His thoughts drifted on a slow current of the head syrup, teetering and turning like the wax cups he and Jeff used to launch on the culvert-wash that was the so-called "Los Angeles River". The head syrup was not a drug. It was just his name for a feeling. He had tried to tell Lonny about it, and Lonny had thought it was a drug because the words "head syrup" sounded like it. But no: it wasn't, no way. It was more like a radio station.
He had peeled off his Iron Maiden t-shirt - it lay beside him with the iron-masked face of the metal band's symbol all wrinkled up and horribly distorted with its crumpling. He stared at it as he began on his left pectoral. He thought he saw the face on the t-shirt cock an eye at him and move its mouth like it was giggling. After a minute he looked back at his chest, watching as he methodically dug the knife into himself, observing as coolly as a man shaving or squeezing a pimple, that kind of half focus and meditative distance. All the while plowing the ragged blade-edge into the soft white skin, wishing he'd built himself up more so there was more muscle to get into. Push, push, the skin and
muscle and fat tissue of his pectoral resisting the blade, it was like trying to cut open a package that was sealed in heavy plastic, the stuff stretching under your letter opener. Push. Punch . It broke through, the blade jabbing out under his nipple, red blood arcing and - for a moment he felt some pain .
Oh, shit, how did I get here and what am I doing?
But then the head syrup came back, the pain vanished, and he relaxed. Jerked the blade loose, and jabbed it through his jeans, deep into the meat of his skinny thigh.
He was not on drugs. He was not insane. He felt no pain at all.
Culver City, Los Angeles
"I haven't seen ol' Mitch for, oh, six or seven weeks," Jeff said, around a mouthful of Doritos.
Tom Prentice and Jeff Teitelbaum were watching the Dodgers get their asses kicked by the San Diego Padres. They were sitting on a sofa-futon in Jeff's second story apartment, near the open French doors onto the balcony. The room smelled like stale cigar smoke; Jeff had trotted out the cigars when Prentice showed up. Jeff liked smoking cigars with his friends because it was playing at "Guy Stuff." Guy Stuff was a joke and very serious with Jeff, both.

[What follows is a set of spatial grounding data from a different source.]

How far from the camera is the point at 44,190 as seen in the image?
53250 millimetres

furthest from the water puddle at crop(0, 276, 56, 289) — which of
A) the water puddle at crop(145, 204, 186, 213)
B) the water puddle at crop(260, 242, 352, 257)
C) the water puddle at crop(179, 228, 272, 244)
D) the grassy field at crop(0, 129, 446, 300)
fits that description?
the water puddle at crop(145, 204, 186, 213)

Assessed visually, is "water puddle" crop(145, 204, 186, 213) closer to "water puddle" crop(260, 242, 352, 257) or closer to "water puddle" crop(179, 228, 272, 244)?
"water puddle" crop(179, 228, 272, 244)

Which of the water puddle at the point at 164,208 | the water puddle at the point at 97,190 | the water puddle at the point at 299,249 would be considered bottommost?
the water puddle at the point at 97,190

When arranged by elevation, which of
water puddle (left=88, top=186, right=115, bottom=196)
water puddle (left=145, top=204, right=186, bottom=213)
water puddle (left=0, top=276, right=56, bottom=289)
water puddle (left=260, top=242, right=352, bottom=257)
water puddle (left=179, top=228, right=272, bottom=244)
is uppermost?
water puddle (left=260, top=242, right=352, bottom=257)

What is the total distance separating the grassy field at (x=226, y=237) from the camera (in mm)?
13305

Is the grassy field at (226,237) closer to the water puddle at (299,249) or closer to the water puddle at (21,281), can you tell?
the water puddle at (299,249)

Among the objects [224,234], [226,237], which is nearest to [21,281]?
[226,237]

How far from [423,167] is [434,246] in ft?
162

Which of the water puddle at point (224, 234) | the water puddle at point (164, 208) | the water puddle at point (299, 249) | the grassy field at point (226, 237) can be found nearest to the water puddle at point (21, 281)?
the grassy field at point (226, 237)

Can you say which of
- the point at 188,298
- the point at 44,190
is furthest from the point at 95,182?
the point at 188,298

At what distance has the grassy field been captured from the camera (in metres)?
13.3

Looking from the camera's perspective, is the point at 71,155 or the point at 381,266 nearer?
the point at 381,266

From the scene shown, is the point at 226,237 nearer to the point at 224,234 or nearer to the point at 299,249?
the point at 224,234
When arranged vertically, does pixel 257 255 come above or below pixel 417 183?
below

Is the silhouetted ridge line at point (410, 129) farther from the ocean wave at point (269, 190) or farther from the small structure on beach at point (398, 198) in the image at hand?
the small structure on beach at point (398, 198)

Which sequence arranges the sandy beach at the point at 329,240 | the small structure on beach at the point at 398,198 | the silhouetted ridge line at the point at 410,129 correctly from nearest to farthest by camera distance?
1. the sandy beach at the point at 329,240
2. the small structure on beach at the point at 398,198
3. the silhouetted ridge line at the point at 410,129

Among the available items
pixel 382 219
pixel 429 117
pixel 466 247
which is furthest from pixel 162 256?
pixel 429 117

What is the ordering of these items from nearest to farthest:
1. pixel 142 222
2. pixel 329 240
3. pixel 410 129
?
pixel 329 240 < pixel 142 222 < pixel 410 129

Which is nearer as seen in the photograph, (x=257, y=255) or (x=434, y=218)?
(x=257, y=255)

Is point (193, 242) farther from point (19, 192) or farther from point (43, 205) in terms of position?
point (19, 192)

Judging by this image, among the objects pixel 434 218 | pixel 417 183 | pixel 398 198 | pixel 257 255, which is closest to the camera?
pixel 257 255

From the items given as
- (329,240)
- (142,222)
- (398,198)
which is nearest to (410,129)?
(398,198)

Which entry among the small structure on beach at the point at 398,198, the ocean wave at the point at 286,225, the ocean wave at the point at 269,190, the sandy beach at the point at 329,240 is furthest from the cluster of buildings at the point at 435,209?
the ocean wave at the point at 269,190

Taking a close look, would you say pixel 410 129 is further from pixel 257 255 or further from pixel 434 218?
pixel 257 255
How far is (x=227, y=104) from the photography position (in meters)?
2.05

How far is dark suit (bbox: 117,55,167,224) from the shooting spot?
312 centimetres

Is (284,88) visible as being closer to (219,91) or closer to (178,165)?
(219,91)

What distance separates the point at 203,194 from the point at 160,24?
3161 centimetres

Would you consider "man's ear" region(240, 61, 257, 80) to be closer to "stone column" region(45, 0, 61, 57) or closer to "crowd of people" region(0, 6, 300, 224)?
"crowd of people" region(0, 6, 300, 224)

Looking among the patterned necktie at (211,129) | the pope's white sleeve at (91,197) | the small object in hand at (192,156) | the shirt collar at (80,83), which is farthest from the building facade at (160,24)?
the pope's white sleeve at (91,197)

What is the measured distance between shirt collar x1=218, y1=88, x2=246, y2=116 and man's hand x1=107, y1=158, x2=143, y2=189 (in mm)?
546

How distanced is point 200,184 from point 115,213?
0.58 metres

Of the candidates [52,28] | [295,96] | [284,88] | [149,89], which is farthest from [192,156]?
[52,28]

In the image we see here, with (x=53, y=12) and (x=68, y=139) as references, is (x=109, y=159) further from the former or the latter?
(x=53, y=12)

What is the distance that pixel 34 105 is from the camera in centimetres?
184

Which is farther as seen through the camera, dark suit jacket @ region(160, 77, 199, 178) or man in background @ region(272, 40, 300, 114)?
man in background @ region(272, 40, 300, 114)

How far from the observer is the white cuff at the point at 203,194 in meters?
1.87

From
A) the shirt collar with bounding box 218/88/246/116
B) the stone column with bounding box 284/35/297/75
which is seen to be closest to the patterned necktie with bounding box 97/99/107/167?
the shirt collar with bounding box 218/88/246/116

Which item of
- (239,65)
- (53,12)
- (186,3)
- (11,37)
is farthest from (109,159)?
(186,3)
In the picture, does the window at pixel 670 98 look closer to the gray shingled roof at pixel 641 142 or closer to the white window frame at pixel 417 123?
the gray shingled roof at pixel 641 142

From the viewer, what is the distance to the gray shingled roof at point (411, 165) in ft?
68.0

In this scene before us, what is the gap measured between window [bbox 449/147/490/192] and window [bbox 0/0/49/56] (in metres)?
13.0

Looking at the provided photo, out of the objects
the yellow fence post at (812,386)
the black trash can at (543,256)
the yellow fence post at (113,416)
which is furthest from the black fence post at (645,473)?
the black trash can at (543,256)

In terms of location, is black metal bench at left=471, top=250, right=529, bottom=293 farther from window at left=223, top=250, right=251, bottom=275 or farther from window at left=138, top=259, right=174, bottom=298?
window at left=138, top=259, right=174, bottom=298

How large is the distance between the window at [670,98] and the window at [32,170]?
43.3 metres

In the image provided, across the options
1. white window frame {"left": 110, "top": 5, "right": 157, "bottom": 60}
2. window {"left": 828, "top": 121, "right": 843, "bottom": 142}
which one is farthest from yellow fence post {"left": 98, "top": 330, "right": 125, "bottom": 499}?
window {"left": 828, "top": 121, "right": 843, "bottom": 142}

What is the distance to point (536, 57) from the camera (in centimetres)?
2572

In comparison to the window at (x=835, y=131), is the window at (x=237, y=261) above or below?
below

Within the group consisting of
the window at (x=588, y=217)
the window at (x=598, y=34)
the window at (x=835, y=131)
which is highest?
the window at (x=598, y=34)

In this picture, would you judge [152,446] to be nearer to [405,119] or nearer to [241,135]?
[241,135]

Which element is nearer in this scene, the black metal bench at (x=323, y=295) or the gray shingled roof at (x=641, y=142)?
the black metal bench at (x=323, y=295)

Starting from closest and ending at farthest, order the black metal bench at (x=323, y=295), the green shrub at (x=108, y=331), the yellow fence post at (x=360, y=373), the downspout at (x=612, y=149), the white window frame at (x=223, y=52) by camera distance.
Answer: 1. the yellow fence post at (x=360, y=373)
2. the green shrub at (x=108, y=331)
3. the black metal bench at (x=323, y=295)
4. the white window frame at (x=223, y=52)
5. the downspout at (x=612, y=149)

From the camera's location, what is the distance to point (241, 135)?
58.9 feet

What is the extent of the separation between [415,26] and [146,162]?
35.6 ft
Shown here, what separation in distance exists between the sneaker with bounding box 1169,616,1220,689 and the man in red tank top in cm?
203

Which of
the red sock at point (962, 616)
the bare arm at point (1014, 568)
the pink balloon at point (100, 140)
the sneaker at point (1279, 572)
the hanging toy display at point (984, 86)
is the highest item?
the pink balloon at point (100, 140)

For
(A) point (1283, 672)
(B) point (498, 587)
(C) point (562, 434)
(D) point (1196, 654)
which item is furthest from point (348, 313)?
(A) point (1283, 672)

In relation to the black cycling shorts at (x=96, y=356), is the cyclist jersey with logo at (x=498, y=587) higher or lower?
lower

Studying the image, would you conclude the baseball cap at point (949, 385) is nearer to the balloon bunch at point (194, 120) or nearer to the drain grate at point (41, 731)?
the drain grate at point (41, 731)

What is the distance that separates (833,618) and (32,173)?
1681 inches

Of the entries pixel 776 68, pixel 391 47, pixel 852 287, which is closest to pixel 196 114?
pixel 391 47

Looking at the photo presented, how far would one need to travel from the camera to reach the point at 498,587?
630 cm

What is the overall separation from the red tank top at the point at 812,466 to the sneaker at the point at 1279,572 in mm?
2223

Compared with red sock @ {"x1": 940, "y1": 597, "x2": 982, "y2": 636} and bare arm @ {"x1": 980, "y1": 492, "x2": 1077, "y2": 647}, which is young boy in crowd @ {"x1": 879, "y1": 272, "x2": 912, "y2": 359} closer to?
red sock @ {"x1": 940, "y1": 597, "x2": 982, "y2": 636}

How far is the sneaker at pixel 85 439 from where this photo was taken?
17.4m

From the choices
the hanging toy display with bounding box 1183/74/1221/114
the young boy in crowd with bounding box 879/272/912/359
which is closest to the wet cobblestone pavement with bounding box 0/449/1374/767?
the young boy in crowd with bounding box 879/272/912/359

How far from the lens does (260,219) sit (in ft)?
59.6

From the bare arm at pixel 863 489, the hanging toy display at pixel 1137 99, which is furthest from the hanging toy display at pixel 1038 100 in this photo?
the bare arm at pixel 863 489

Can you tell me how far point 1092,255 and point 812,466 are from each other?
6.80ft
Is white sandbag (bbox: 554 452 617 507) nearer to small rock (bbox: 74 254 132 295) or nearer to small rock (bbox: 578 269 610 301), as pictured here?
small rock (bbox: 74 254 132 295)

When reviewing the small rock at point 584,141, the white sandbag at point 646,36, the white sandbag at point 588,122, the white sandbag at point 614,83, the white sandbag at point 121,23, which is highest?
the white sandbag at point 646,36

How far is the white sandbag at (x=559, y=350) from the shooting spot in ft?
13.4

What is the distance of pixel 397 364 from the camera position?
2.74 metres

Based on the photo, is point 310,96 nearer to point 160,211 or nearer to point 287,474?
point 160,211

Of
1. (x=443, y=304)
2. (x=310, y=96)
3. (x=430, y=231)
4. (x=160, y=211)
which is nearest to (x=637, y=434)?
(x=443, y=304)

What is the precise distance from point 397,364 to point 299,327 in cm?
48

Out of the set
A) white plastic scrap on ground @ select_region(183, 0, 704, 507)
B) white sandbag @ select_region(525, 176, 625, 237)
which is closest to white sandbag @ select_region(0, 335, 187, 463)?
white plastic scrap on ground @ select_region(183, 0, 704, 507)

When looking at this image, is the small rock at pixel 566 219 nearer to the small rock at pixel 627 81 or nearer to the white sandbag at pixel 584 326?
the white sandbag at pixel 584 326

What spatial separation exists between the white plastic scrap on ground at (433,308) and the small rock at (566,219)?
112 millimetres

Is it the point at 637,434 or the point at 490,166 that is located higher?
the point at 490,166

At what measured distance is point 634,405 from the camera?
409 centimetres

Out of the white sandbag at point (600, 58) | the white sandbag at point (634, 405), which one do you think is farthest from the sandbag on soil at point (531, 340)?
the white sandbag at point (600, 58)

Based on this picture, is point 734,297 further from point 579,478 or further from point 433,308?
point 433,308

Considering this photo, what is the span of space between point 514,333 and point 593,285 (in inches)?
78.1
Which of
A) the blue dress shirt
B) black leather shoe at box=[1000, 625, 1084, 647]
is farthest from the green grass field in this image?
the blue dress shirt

In the background were laughing squeals and taunts from the swimmers in the complex's swimming pool; the sounds of splashing, a teasing underscent of chlorine. It was a high security "singles" apartment complex, with security guards at the gate and TV cameras and its own hot tub spa and weight room and sauna and game room.
Jeff's living room was undecorated except for a Norman Rockwell print of a small, rosy-cheeked boy with a fishing pole proudly holding up a string full of fish, only Jeff had cut out small men's magazine photos of naked girls and pasted them on over the fish: a small boy proudly holding up a string of naked girls. On TV, a couple of baseball players drank Budweisers with Phil Collins, and then the game came back on.